EXERCISE OBJECTIVE: Retype the listing exactly as it stands, and keep every image out.
───
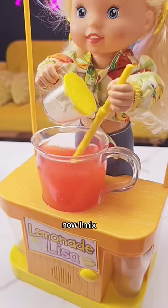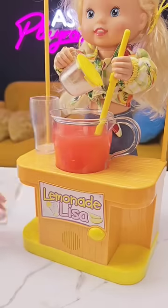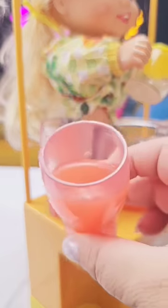Now I'll mix. All done. Pour some. Let's do it again, I'll mix. There we go. Let's do it again.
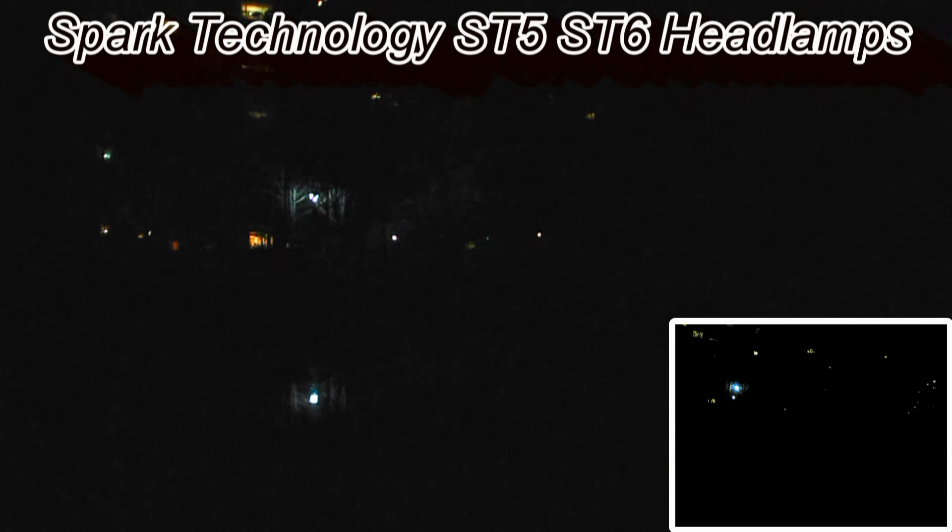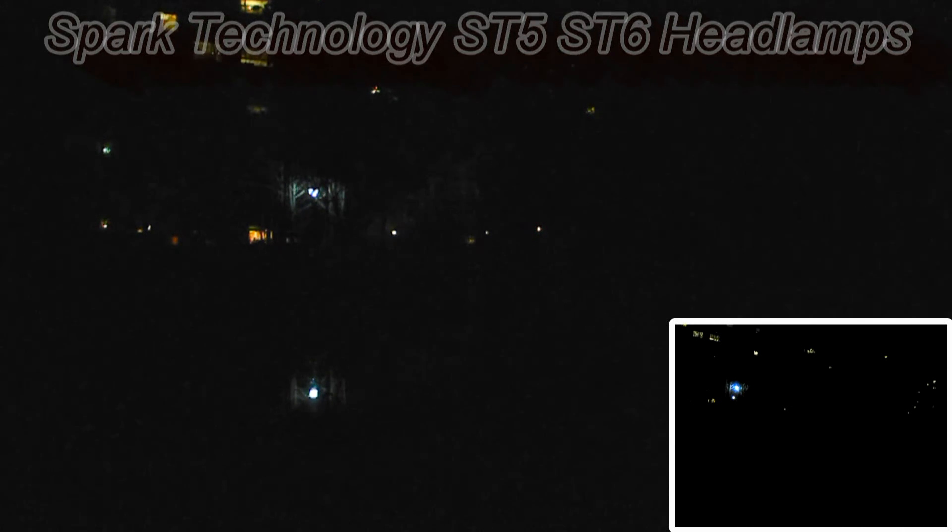We're going to test out Spark Technologies headlamps tonight. We have the ST5 150 CW. Starting off with low — as you can see, not much there, it's very low at 6 lumens. Then we'll ramp it up to medium, and then ramp it up to high.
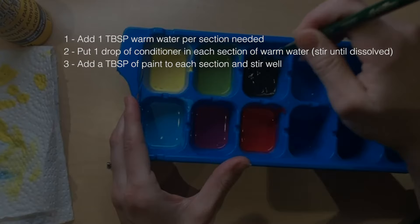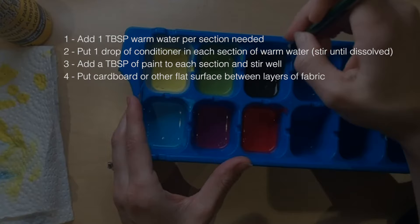The next thing you're going to want to do is make sure you have something between the layers of fabric on your article of clothing. If it's a shirt, put a piece of cardboard or plastic in between that covers the whole area you're going to be painting on, because the paint is watery and it will definitely run through and go straight to the back of the fabric.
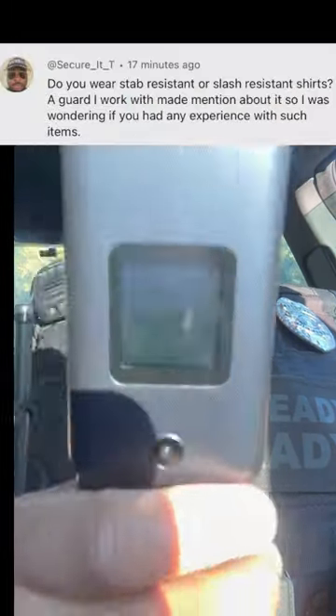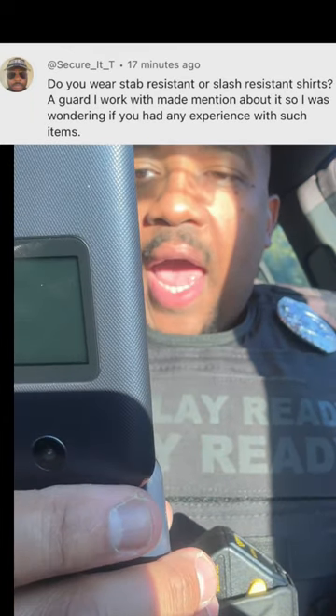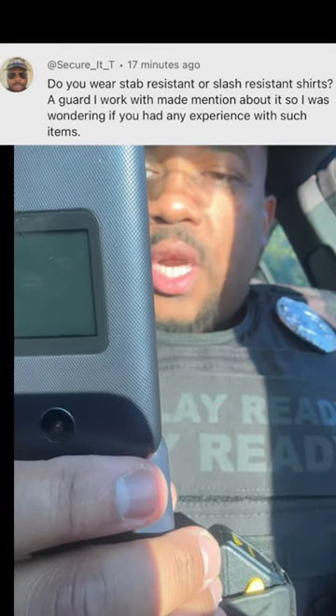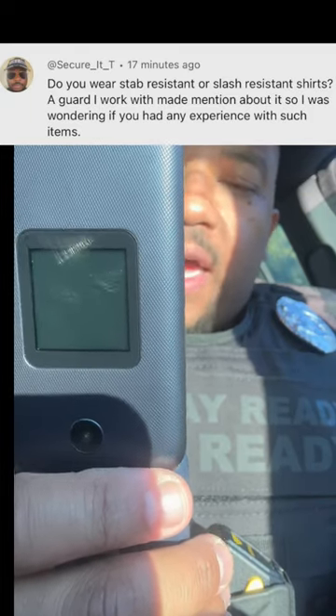Edge Nation, this is your man, Citizen Edge. Do you wear stab-resistant or slash-resistant shirts? A guard I work with mentioned it, so I was wondering if you had any experience with such items.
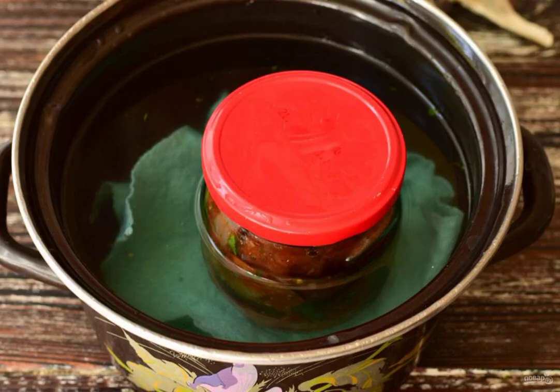Pour warm water into a saucepan and put a rag in it. Set the jar with eggplants in and cover it with a lid. Sterilize the vegetables for 3–5 minutes. If they are immediately served to the table and not rolled up for the winter, then this procedure can be skipped.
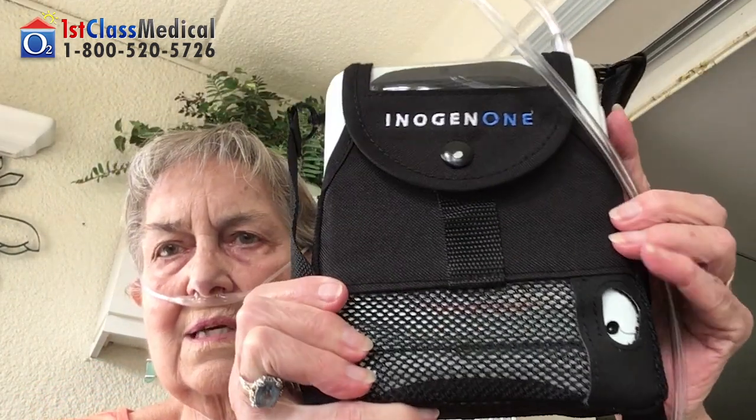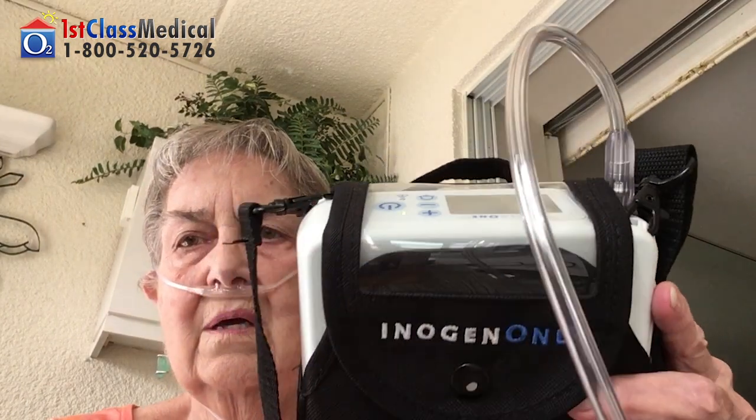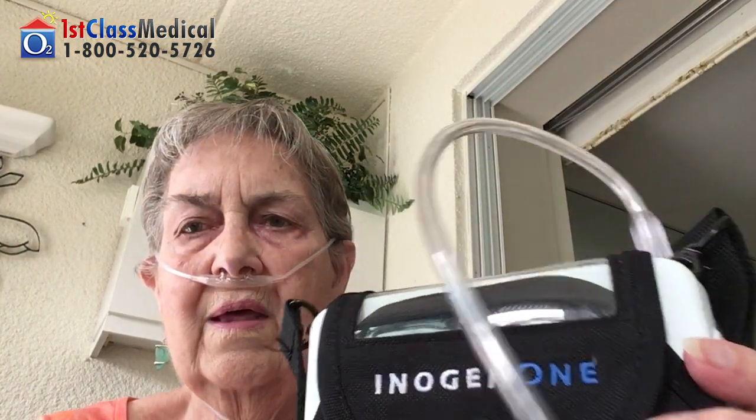Well, this is what it looks like. It's very small, as you can see. It goes from one to three liters, which is not too bad. And it's a very convenient, lightweight unit. Thank you very much.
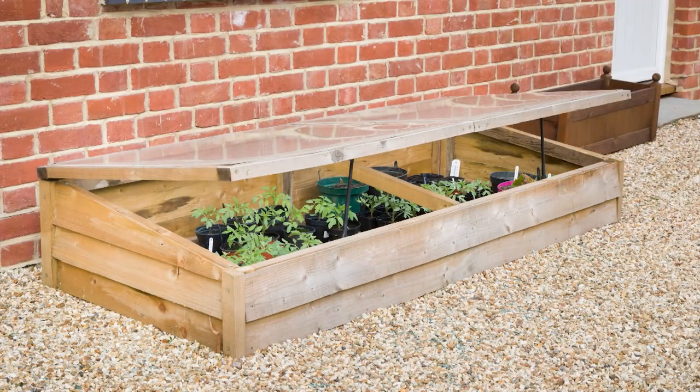Cold frame — this is a term we're hearing a lot more about these days. You use a cold frame as a sort of a season extender.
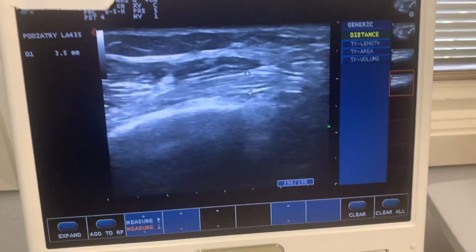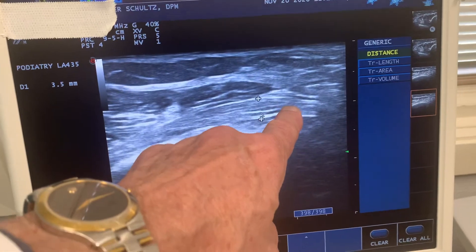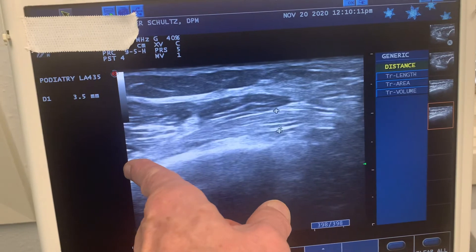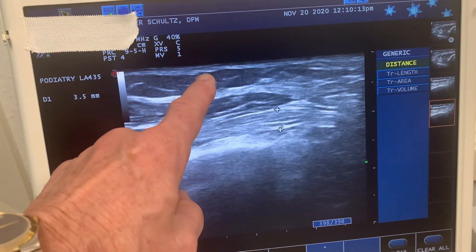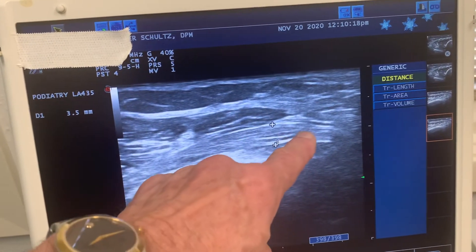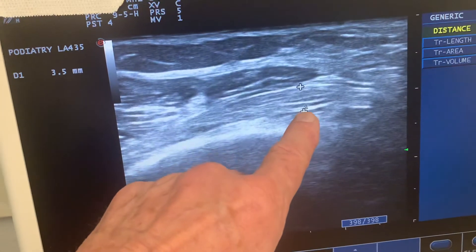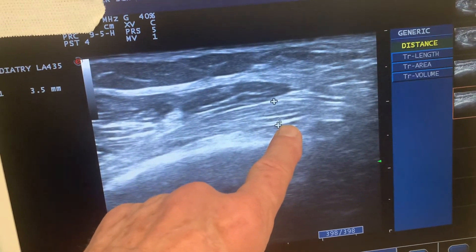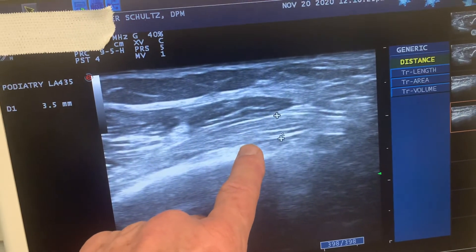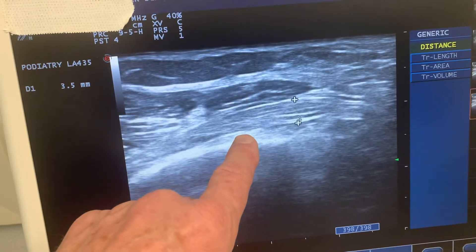This is her ultrasound, and I'm going to point this out — this is the nerve. That would be up towards the hip joint, and that would be down towards her ankle. The skin is here. And this area right here is a muscle that this nerve goes beneath. So what we do, we measure this nerve. You can see this is the nerve before it dives beneath this muscle compartment. This muscle compartment gets very tight, and we can measure the dimension here. You can see down here the nerve is smaller.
───
ANSWER TO THE PROBLEM:
Now I'll mix. All done. Pour some. Let's do it again, I'll mix. There we go. Let's do it again.
We're going to test out Spark Technologies headlamps tonight. We have the ST5 150 CW. Starting off with low — as you can see, not much there, it's very low at 6 lumens. Then we'll ramp it up to medium, and then ramp it up to high.
The next thing you're going to want to do is make sure you have something between the layers of fabric on your article of clothing. If it's a shirt, put a piece of cardboard or plastic in between that covers the whole area you're going to be painting on, because the paint is watery and it will definitely run through and go straight to the back of the fabric.
Edge Nation, this is your man, Citizen Edge. Do you wear stab-resistant or slash-resistant shirts? A guard I work with mentioned it, so I was wondering if you had any experience with such items.
Pour warm water into a saucepan and put a rag in it. Set the jar with eggplants in and cover it with a lid. Sterilize the vegetables for 3–5 minutes. If they are immediately served to the table and not rolled up for the winter, then this procedure can be skipped.
Well, this is what it looks like. It's very small, as you can see. It goes from one to three liters, which is not too bad. And it's a very convenient, lightweight unit. Thank you very much.
Cold frame — this is a term we're hearing a lot more about these days. You use a cold frame as a sort of a season extender.
This is her ultrasound, and I'm going to point this out — this is the nerve. That would be up towards the hip joint, and that would be down towards her ankle. The skin is here. And this area right here is a muscle that this nerve goes beneath. So what we do, we measure this nerve. You can see this is the nerve before it dives beneath this muscle compartment. This muscle compartment gets very tight, and we can measure the dimension here. You can see down here the nerve is smaller.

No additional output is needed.